The male body was found lying face down this morning at Harrowdown Hill, about five miles from Dr Kelly's home in Abingdon, Oxfordshire. No note was found either at the scene or at Dr Kelly's house.
The site is believed to be in the middle of an area of woodland on the top of the hill.
It is understood Dr Kelly's family will not be taken to formally identify the body until tomorrow. Police said the cause of death would not be revealed until a post-mortem has been carried out.
Dr Kelly, 59, was reported missing by his family at 11.45pm yesterday as he did not return after telling his wife he was going for a walk at 3pm.
Tony Blair was informed of the discovery of the body as he flew from Washington to Tokyo on his diplomatic marathon, Downing Street confirmed.
Dr Kelly found himself at the centre of a row over a BBC report claiming Downing Street "sexed up" a dossier on weapons of mass destruction after he was named as the possible "mole" who briefed reporter Andrew Gilligan.
The Government claimed Dr Kelly had come forward voluntarily to admit he had spoken to the reporter.
He faced a grilling on Tuesday by MPs on the Foreign Affairs Committee about what he told BBC reporter Andrew Gilligan, who filed the original report claiming that the Government had "sexed up" the weapons dossier.
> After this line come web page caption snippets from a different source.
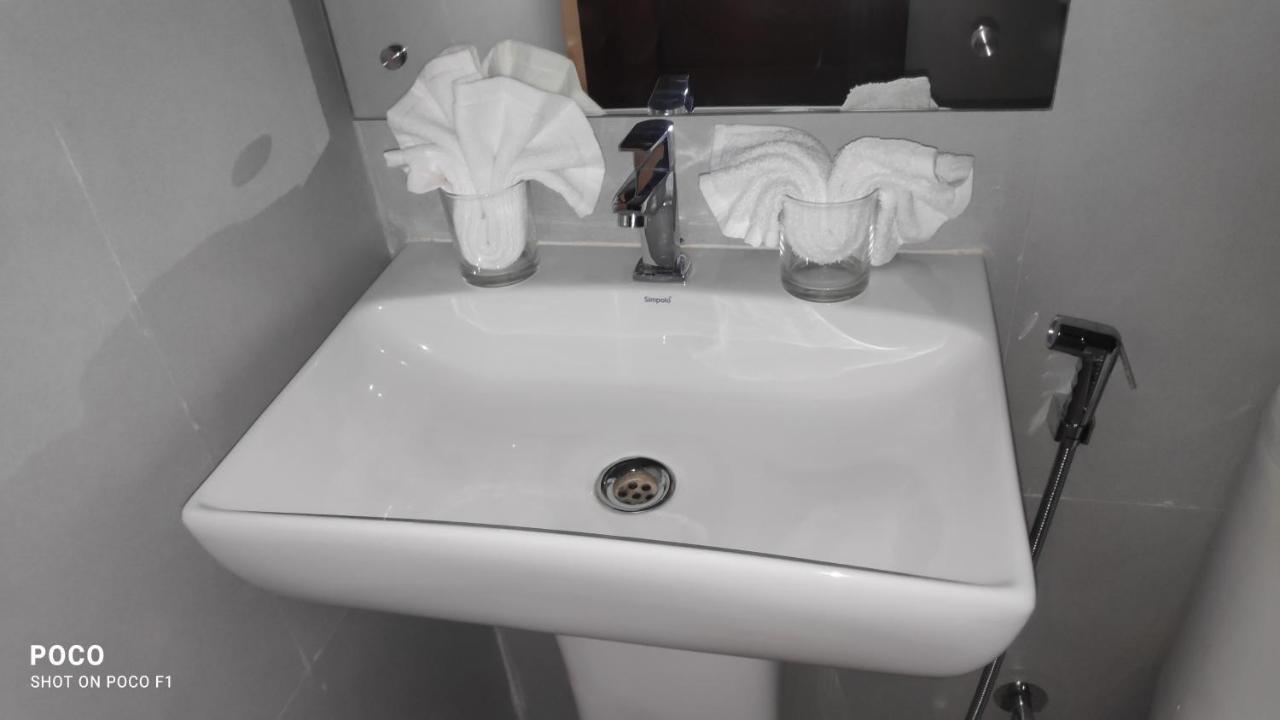 Emperor-Hotel Rachana Continental Pvt Ltd Kizhake Chālakudi Dış mekan fotoğraf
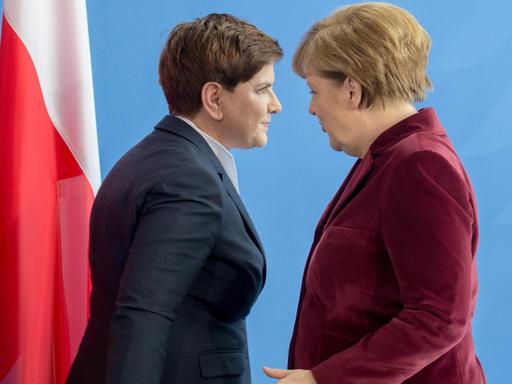 Bundeskanzlerin Angela Merkel (CDU) geht neben Polens Ministerpräsidentin Beata Szydlo in Berlin nach einer Pressekonferenz im Kanzleramt.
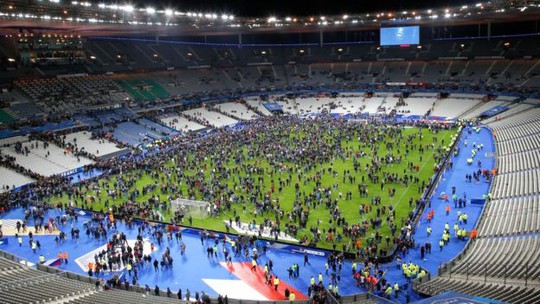 Sân vận động Stade de France nơi diễn ra trận đấu bóng đá giữa Pháp và Đức. Ảnh: AP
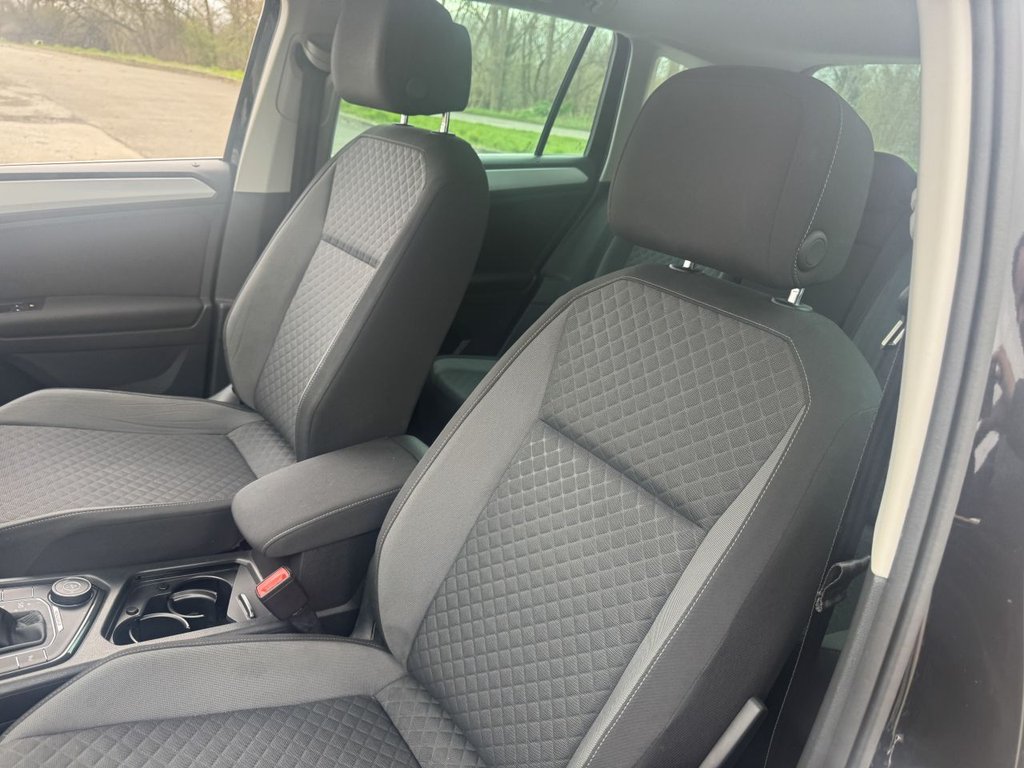 Used Volkswagen Tiguan 2018 for sale - 77200553: Photo 42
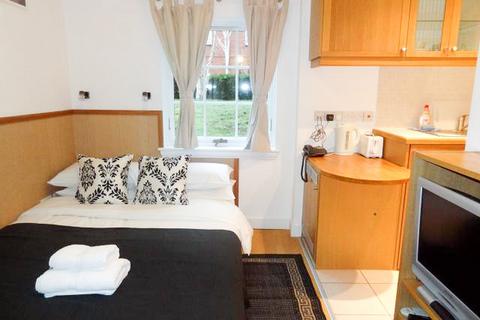 undefined, Fulham Palace Road, Hammersmith, London W6
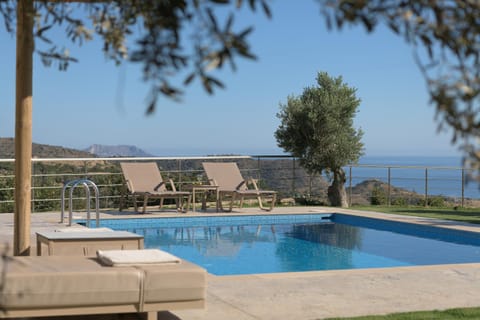 Day, Natural landscape, Mountain view, Pool view, Sea view, Swimming pool, sunbed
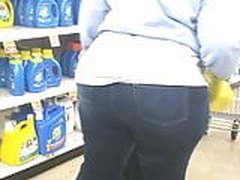 Ever seen a Phat Ass Auntie in skinny jeans? Here u go again Full Video | xvideosearch.com
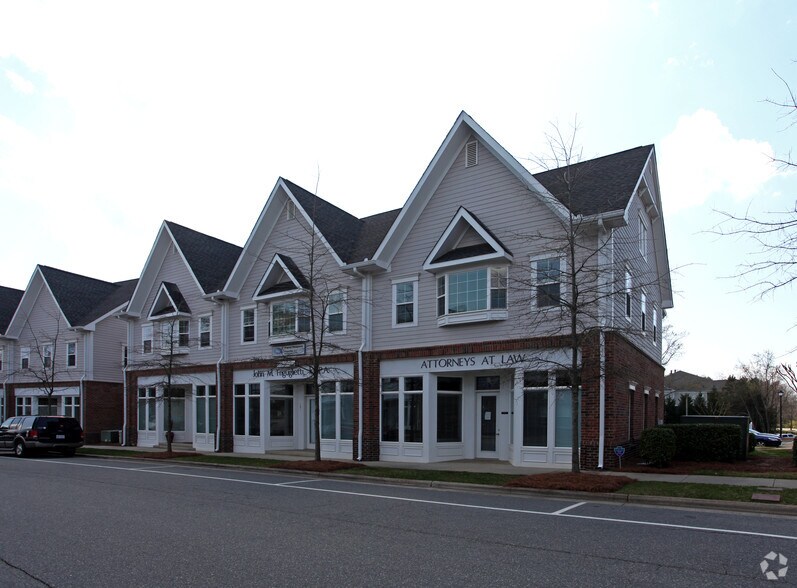 575 Davidson Gateway Dr, Davidson, NC à vendre - Photo du bâtiment - Image 3 de 21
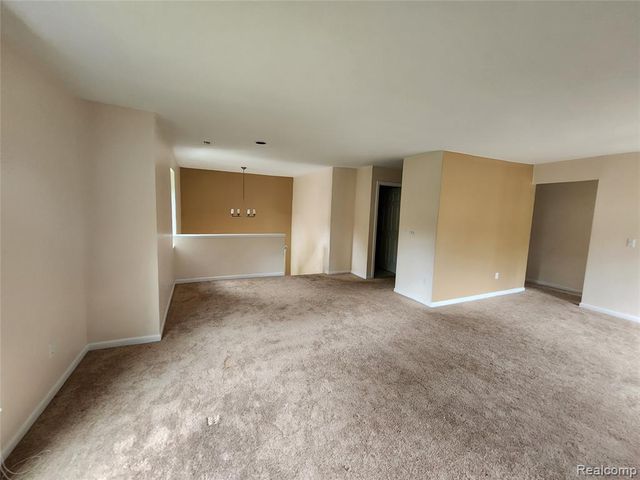 19400 W 11 Mile Road, Lathrup Village, MI 48076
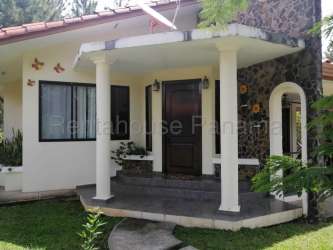 Covered porch with garden landscaping at mountain home in Granada sector Altos del María Panama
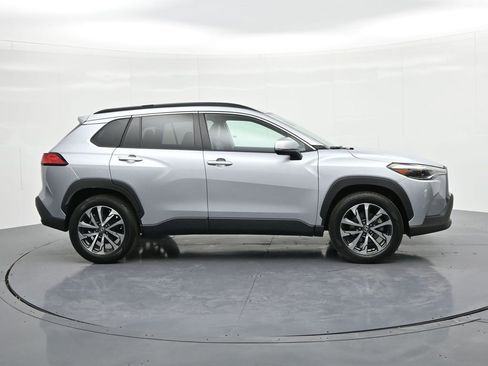 Used 2024 Toyota Corolla Cross XLE image 5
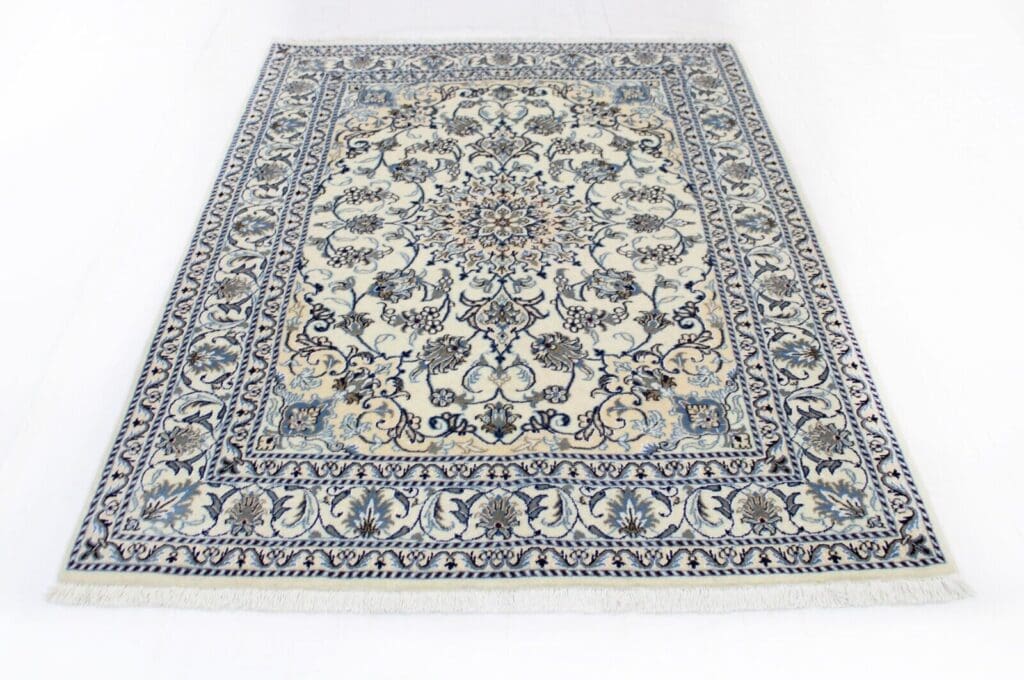 Perserteppich Nain Kaschmir 207 x 145 cm handgeknupft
Dr Kelly's appearance prompted an angry reaction from MPs on the committee who claimed that he had been "set up" by the Ministry of Defence, which had previously released a statement suggesting that he might have been the source.
Dr Kelly admitted he had met Mr Gilligan a week before he broadcast his story on the Radio 4 Today programme about the Iraq dossier.
But he said he did not think he could have been the source for the story, which became the subject of a bitter row between the Government, the BBC and critics of the war on Iraq.
Dr Kelly told MPs that Mr Gilligan's account of his conversation with his source for the story was so different from their conversation that he did not believe that he could be the source.
He told MPs: "From the conversation I had I don't see how he could make the authoritative statements he was making from the comments that I made."
Dr Kelly, who works in the MoD's counter-proliferation and arms control secretariat, said he had contacted his line manager after Mr Gilligan gave evidence to the committee because he thought it was possible he was the source.
He said they had met in the Charing Cross Hotel in London - where Mr Gilligan also met his source - and that elements of his story were similar to things they had discussed, such as a suggestion there was a 30 per cent probability Iraq had chemical weapons.
Donald Anderson, chairman of the Foreign Affairs Select Committee, said: "I was shocked when I heard the news and I am sure the hearts of all the committee go out to his family at this deeply anxious time. We hope that he returns safely.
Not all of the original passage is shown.